Write out the entries below exactly, but only from the line containing "Management of patients" through the line containing "WB Image Sample", and without the pictures.

__RECORDS FOR THE TASK__
»»
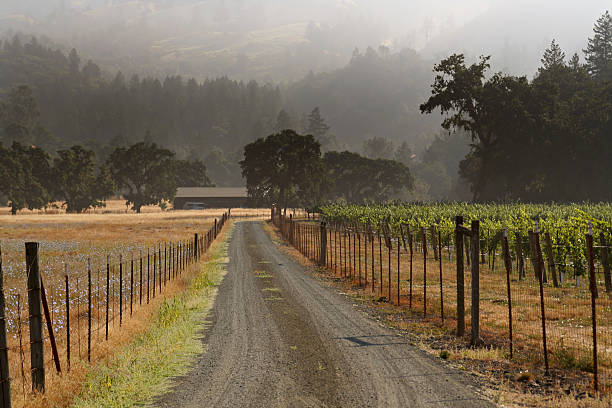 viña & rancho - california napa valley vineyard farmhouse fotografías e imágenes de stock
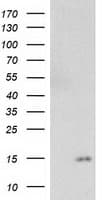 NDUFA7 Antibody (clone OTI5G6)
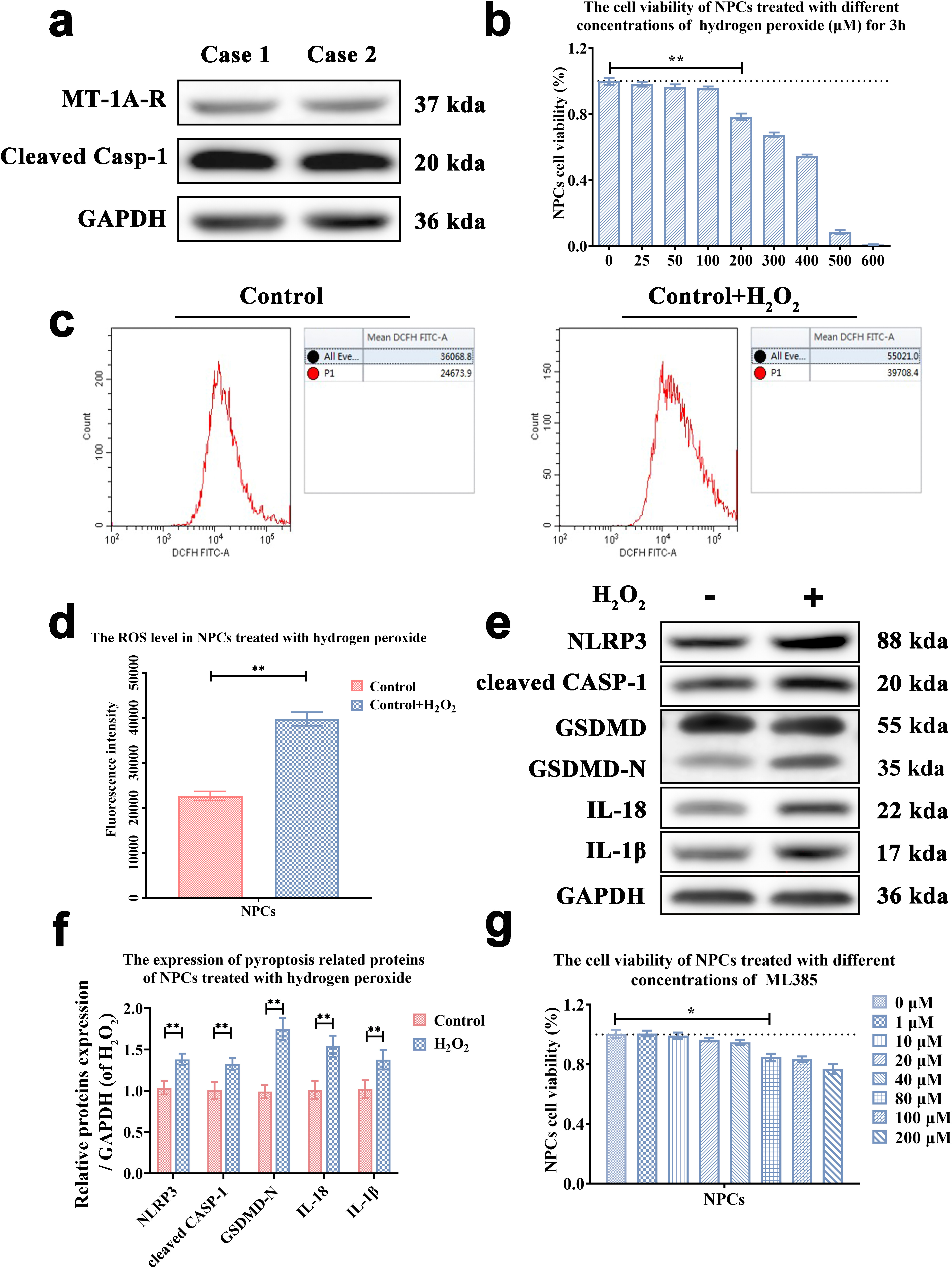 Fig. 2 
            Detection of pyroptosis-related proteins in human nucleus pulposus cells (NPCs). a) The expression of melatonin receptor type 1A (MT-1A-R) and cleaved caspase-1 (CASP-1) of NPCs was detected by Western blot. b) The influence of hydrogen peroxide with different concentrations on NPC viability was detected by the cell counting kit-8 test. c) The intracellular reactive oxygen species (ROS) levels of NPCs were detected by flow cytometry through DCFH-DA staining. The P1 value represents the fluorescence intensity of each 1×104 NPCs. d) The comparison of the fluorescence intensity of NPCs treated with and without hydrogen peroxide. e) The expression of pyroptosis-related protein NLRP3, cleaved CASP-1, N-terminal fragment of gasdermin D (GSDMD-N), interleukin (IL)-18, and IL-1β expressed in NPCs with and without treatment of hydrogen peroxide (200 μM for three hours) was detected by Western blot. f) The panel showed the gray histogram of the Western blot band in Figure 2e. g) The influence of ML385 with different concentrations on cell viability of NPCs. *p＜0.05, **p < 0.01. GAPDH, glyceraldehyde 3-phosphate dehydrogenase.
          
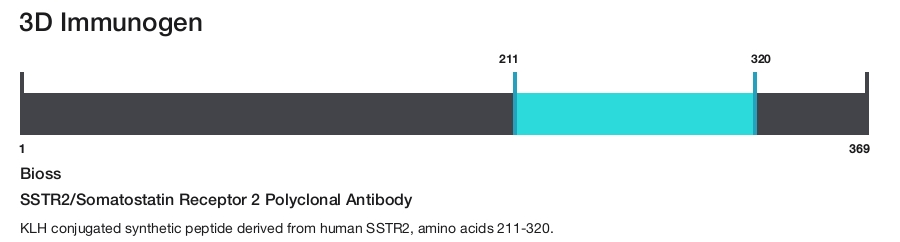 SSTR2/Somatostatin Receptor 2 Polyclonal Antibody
««
»»
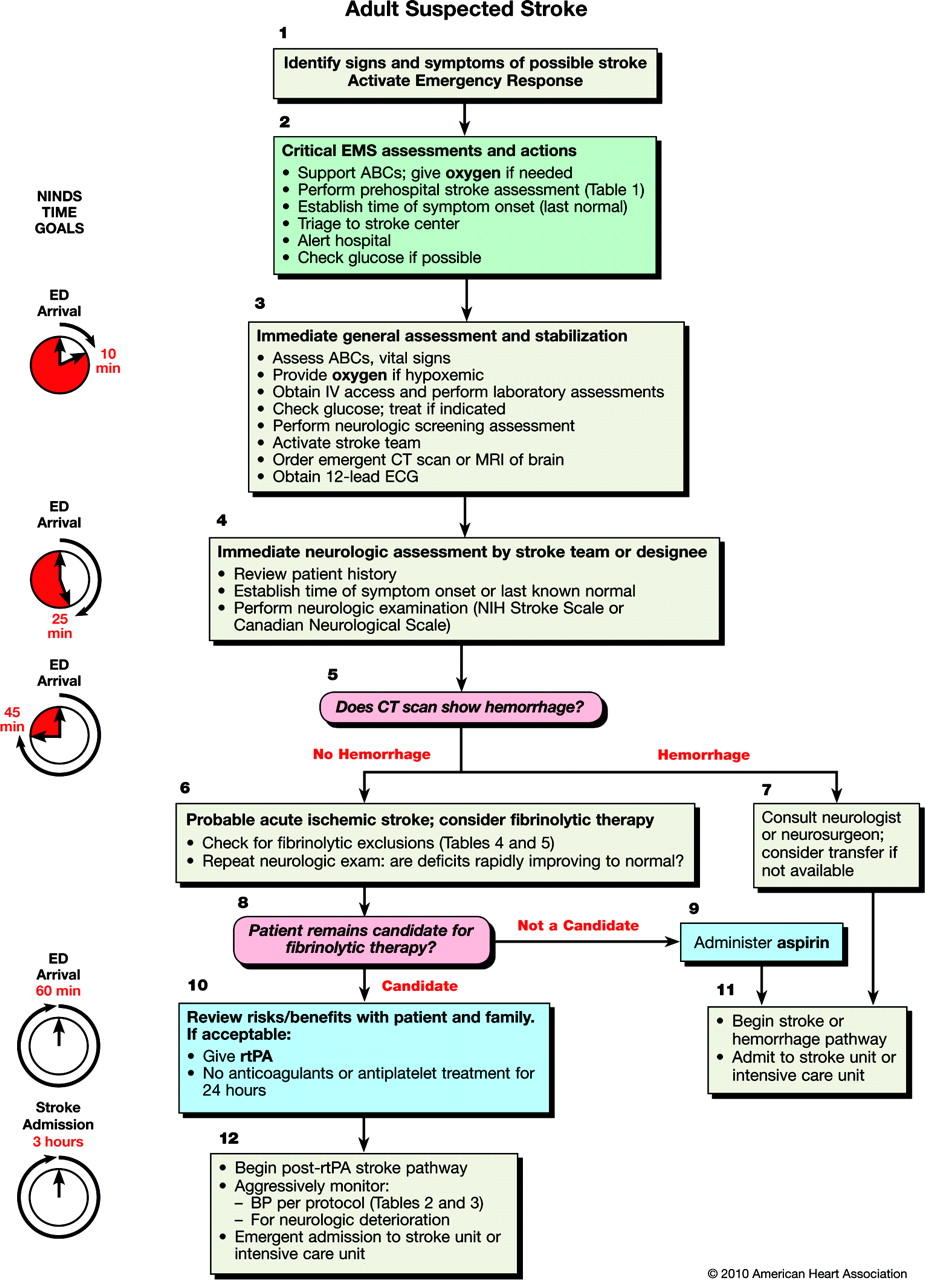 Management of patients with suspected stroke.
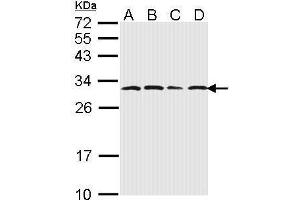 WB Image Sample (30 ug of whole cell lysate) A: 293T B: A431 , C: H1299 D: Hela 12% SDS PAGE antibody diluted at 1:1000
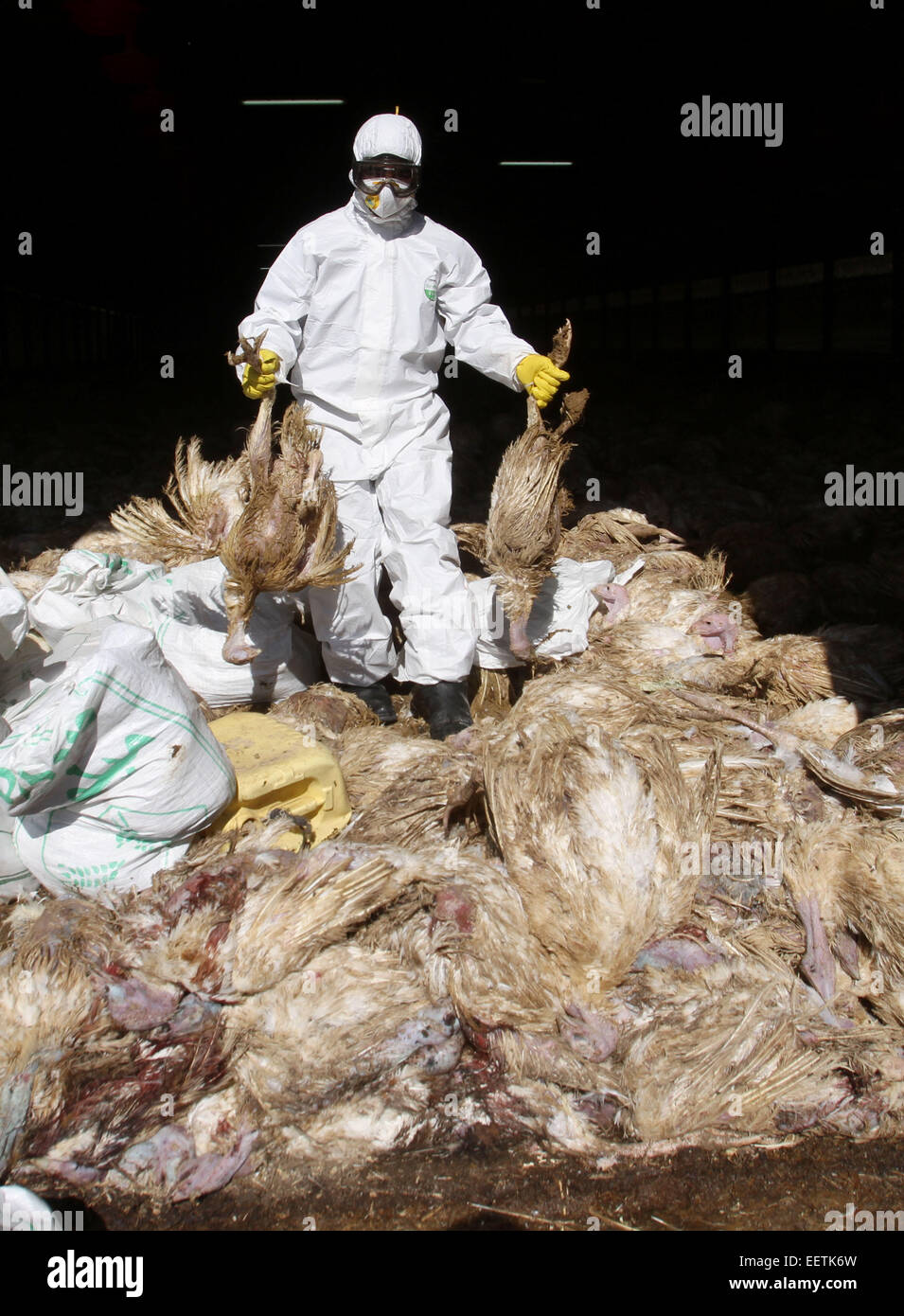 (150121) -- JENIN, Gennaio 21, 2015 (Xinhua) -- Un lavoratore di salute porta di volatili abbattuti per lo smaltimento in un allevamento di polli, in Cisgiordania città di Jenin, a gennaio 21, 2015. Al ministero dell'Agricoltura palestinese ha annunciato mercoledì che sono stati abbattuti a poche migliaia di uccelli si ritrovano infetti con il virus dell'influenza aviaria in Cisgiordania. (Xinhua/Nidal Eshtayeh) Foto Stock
««
__FINISHED TASK__
 Management of patients with suspected stroke.
 WB Image Sample (30 ug of whole cell lysate) A: 293T B: A431 , C: H1299 D: Hela 12% SDS PAGE antibody diluted at 1:1000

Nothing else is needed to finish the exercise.